Dear Bookworm- Sadly the defence will always try to shame and ridicule the victims. Your friend's story sounds like a delight! I hope this chapter is just as enjoyable.

December 2018


The aftermath of the trial is what one might expect really, just a harsh reality of what was still coming. Waiting, and wondering, counselling and more counselling with the court therapist. Who was nice, but she wasn't Beth. Maybe because I knew I couldn't run around my answer with too many words to try and not sound crazy?

Still, it was kept to the basics though she asked a lot about my childhood, the time Issac was my tutor, and the obvious things that were part of me. My obsessive ways when it came to food and my body. Where Beth took notice of such things, but never pressured me to give her answers if I didn't feel like answering that day. This one didn't leave much wiggle room, so it felt anyway.

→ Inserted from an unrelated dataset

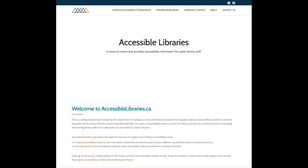Hello and welcome everyone. My name is Megan Selmer. I work as the Web and Usability Assistant at the National Network for Equitable Library Service, NALS. Today I'll be talking about and guiding you through the Public Library Resource Center website, AccessibleLibraries.ca, and describing how you can find and filter through the information on the site.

So I let her know just how much I had hated my body between the ages of 11 and 16 by the way my journals. If they wanted to know how messed I am, was. How I was never good enough, perfect or thin enough. That I used cutting and starvation to try and achieve the unachievable. Those books would tell the tale in ways I may not be able to convey.

They want a picture of me, I would give them one that defined the girl I once was, and still am in some ways. I tell her about the party, about Ken and our agreement to be nothing more than friends because what else is there in this situation?

I can only imagine the words she uses to describe me and my issues.

Still, life goes on, it has to go on because there is no way for me to hide away or shriek my duties as a mother these days. I couldn't lie in bed and cry all day. I couldn't ignore Owen and I didn't want to get a clogged duct or mastitis. So I was up every morning doing our routine of stretching, milk, and breakfast and a quick shower.

I went to school, I went to work and picked up shifts to even out my paycheque. I practised for my driving test with mom and dad. I can only explain my parent's allowance of me to be with friends again, down to the hearing. At least if I was around people, friends I was less likely to stew in my room. Less chance to try and hurt myself I suppose?

I sit at the piano in a melancholy mood as I flip through the songs in my head. Playing parts of songs that I have memorized in my head. Lyrics swirl around in my head, to the point I sing them softly to myself.

Oh, what a shame

What a rainy ending is given to a perfect day

Just walk away

Ain't no use defending words that you will never say

And now that I'm sitting here thinking it through

I've never been anywhere cold as you

"I love you, you know that but I can't take it tonight Rilla," Mom says rubbing her temple. "I have too much work to get through. Go out, see friends, anything other than playing sad songs on the piano please. I'll listen and watch Owen," Mom says rubbing her temple. "I just need quiet and some time to work."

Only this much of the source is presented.